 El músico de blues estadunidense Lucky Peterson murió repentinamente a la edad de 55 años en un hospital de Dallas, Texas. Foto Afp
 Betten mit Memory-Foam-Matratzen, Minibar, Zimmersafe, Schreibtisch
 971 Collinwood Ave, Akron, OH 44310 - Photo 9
* * *
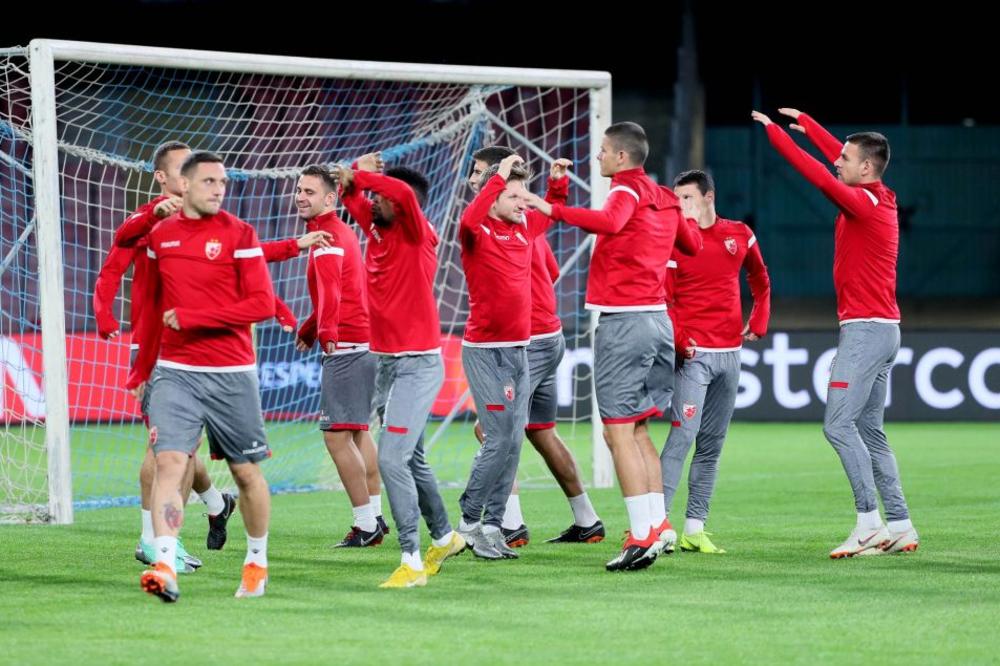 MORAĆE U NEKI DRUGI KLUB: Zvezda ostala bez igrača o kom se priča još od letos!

### What this task involves
From the data above, return every line from the line that has "El músico de" up to and including the line that has "971 Collinwood Ave, Akron, OH", exactly.

### Written response
 El músico de blues estadunidense Lucky Peterson murió repentinamente a la edad de 55 años en un hospital de Dallas, Texas. Foto Afp
 Betten mit Memory-Foam-Matratzen, Minibar, Zimmersafe, Schreibtisch
 971 Collinwood Ave, Akron, OH 44310 - Photo 9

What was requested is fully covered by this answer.